For instance, we often make decisions about our government based on simple good or bad logic.

The algorithm for voting, for instance, is pretty simple: if A, then not B, where A is your party affiliation and B is the opposite party. In other words, we vote not based on issues, but party lines. It's simpler.

And we label people as liberals or conservatives, making it that much easier to agree with them or just write them off.

But the choices we need to make are so much more complex than this suggests. There are not just two mutually exclusive ideas for every issue. Instead there are gradations, nuances, shades and contradictions.
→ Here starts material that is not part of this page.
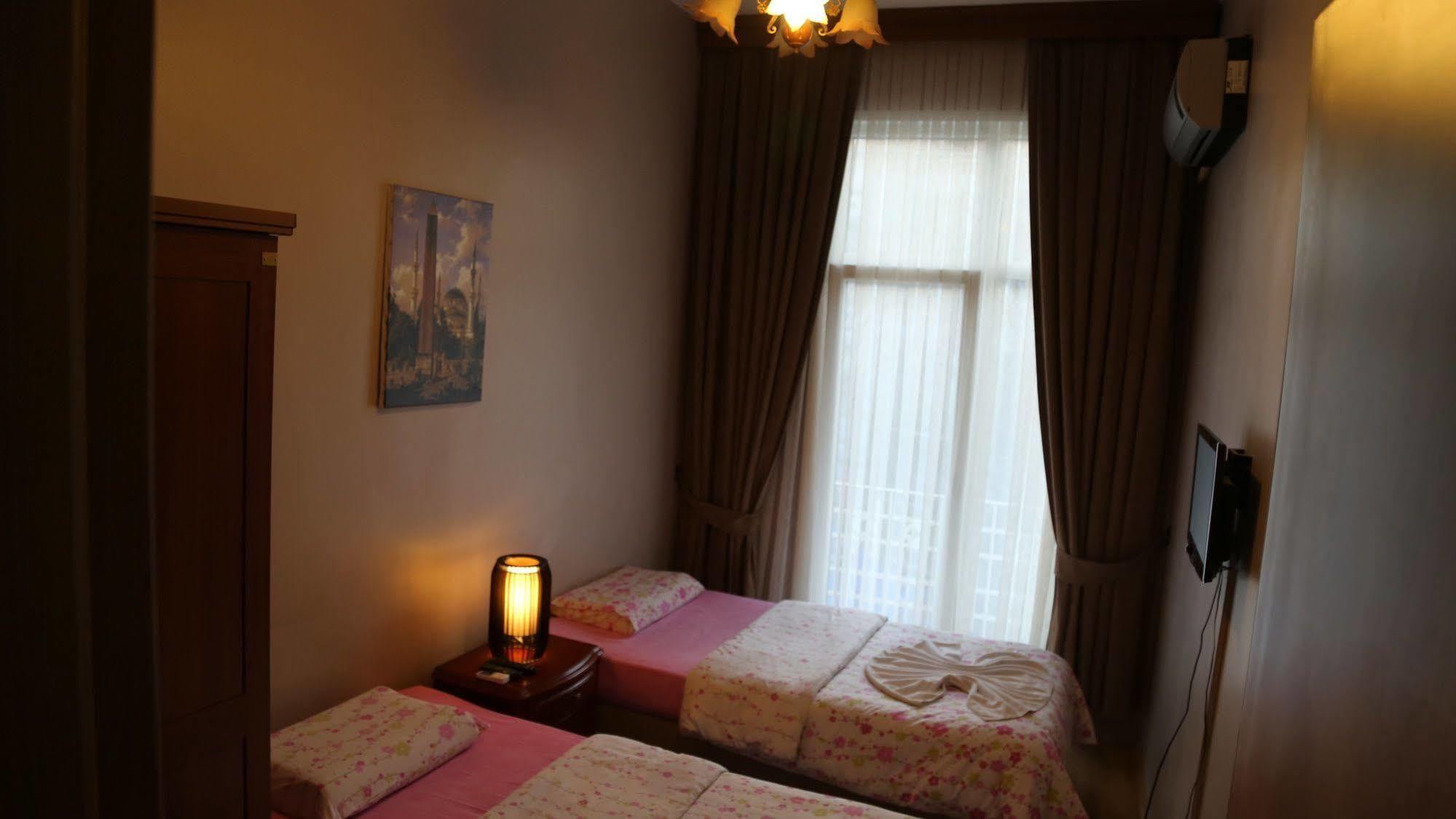 Subrosa Hotel Istambul Extérieur photo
But because of the way our political brains are wired, we miss out on them.

We miss out on the fact that Bush's Social Security plan may be a good idea or that John Kerry had a right and responsibility as a Vietnam veteran to protest the war when he returned from duty.

Our binary thought isn't only limited to election season, though, it also informs our everyday perceptions of people: are they intelligent or unintelligent, athletic or unathletic, attractive or unattractive, moral or immoral? If the answer to each of these questions isn't right, we might not talk to or get to know the person.

In general, we don't obtain truths or realities from any of the aformentioned examples, but get a crude caricature of the way things appear to be; that Bush is evil or that using a Mac is more difficult than trying to do calculus homework in a mirror.

Instead, we need to exit out of these mindsets and get better-rounded perspectives on issues. Then, we won't have to wait in line to print.